_Your goal_: Write every record out again exactly as given.

_Source data_:

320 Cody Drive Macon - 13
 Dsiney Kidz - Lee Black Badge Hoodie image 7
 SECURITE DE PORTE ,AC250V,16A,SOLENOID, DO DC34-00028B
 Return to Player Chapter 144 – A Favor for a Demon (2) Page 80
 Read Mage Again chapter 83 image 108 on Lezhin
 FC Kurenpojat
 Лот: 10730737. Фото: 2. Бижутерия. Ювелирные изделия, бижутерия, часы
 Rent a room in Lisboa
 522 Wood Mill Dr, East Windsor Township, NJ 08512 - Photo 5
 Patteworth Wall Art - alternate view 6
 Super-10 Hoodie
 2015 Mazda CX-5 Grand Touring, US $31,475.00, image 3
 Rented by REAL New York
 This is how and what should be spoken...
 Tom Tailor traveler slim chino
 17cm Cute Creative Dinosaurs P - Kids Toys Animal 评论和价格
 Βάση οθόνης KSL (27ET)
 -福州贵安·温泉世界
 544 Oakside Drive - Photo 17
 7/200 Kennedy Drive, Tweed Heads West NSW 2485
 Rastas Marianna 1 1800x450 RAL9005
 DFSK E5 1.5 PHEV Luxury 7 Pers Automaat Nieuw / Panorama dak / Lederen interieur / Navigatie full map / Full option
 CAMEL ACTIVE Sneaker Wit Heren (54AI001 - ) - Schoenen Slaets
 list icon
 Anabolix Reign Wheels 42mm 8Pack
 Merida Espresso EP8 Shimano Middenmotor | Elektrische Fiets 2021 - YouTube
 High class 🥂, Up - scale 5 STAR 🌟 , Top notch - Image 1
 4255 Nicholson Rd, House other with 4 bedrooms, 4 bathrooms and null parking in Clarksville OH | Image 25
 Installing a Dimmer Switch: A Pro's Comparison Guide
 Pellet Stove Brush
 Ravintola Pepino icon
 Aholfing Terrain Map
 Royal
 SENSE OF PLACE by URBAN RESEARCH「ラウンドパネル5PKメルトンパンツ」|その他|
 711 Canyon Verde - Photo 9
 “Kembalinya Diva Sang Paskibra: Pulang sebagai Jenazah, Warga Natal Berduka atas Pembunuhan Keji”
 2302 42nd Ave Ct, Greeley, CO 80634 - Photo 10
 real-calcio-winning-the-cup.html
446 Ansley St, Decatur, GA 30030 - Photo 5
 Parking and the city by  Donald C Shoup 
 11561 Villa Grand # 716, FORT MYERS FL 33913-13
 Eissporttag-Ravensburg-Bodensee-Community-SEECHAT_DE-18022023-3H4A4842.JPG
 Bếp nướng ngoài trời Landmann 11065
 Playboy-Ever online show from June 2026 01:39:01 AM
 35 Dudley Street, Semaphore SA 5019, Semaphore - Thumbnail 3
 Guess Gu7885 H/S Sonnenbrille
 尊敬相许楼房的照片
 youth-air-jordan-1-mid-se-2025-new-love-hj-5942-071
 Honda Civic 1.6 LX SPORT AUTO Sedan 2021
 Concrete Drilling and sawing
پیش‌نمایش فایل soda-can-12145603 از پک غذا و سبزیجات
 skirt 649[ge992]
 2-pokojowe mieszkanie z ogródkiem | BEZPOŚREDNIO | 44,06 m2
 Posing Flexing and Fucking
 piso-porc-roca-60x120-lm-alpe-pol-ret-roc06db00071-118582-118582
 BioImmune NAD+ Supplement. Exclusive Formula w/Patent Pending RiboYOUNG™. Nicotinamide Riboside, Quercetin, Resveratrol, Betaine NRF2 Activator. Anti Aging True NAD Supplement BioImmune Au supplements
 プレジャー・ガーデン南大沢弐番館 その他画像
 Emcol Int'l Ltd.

_Finished task_:
320 Cody Drive Macon - 13
 Dsiney Kidz - Lee Black Badge Hoodie image 7
 SECURITE DE PORTE ,AC250V,16A,SOLENOID, DO DC34-00028B
 Return to Player Chapter 144 – A Favor for a Demon (2) Page 80
 Read Mage Again chapter 83 image 108 on Lezhin
 FC Kurenpojat
 Лот: 10730737. Фото: 2. Бижутерия. Ювелирные изделия, бижутерия, часы
 Rent a room in Lisboa
 522 Wood Mill Dr, East Windsor Township, NJ 08512 - Photo 5
 Patteworth Wall Art - alternate view 6
 Super-10 Hoodie
 2015 Mazda CX-5 Grand Touring, US $31,475.00, image 3
 Rented by REAL New York
 This is how and what should be spoken...
 Tom Tailor traveler slim chino
 17cm Cute Creative Dinosaurs P - Kids Toys Animal 评论和价格
 Βάση οθόνης KSL (27ET)
 -福州贵安·温泉世界
 544 Oakside Drive - Photo 17
 7/200 Kennedy Drive, Tweed Heads West NSW 2485
 Rastas Marianna 1 1800x450 RAL9005
 DFSK E5 1.5 PHEV Luxury 7 Pers Automaat Nieuw / Panorama dak / Lederen interieur / Navigatie full map / Full option
 CAMEL ACTIVE Sneaker Wit Heren (54AI001 - ) - Schoenen Slaets
 list icon
 Anabolix Reign Wheels 42mm 8Pack
 Merida Espresso EP8 Shimano Middenmotor | Elektrische Fiets 2021 - YouTube
 High class 🥂, Up - scale 5 STAR 🌟 , Top notch - Image 1
 4255 Nicholson Rd, House other with 4 bedrooms, 4 bathrooms and null parking in Clarksville OH | Image 25
 Installing a Dimmer Switch: A Pro's Comparison Guide
 Pellet Stove Brush
 Ravintola Pepino icon
 Aholfing Terrain Map
 Royal
 SENSE OF PLACE by URBAN RESEARCH「ラウンドパネル5PKメルトンパンツ」|その他|
 711 Canyon Verde - Photo 9
 “Kembalinya Diva Sang Paskibra: Pulang sebagai Jenazah, Warga Natal Berduka atas Pembunuhan Keji”
 2302 42nd Ave Ct, Greeley, CO 80634 - Photo 10
 real-calcio-winning-the-cup.html
446 Ansley St, Decatur, GA 30030 - Photo 5
 Parking and the city by  Donald C Shoup 
 11561 Villa Grand # 716, FORT MYERS FL 33913-13
 Eissporttag-Ravensburg-Bodensee-Community-SEECHAT_DE-18022023-3H4A4842.JPG
 Bếp nướng ngoài trời Landmann 11065
 Playboy-Ever online show from June 2026 01:39:01 AM
 35 Dudley Street, Semaphore SA 5019, Semaphore - Thumbnail 3
 Guess Gu7885 H/S Sonnenbrille
 尊敬相许楼房的照片
 youth-air-jordan-1-mid-se-2025-new-love-hj-5942-071
 Honda Civic 1.6 LX SPORT AUTO Sedan 2021
 Concrete Drilling and sawing
پیش‌نمایش فایل soda-can-12145603 از پک غذا و سبزیجات
 skirt 649[ge992]
 2-pokojowe mieszkanie z ogródkiem | BEZPOŚREDNIO | 44,06 m2
 Posing Flexing and Fucking
 piso-porc-roca-60x120-lm-alpe-pol-ret-roc06db00071-118582-118582
 BioImmune NAD+ Supplement. Exclusive Formula w/Patent Pending RiboYOUNG™. Nicotinamide Riboside, Quercetin, Resveratrol, Betaine NRF2 Activator. Anti Aging True NAD Supplement BioImmune Au supplements
 プレジャー・ガーデン南大沢弐番館 その他画像
 Emcol Int'l Ltd.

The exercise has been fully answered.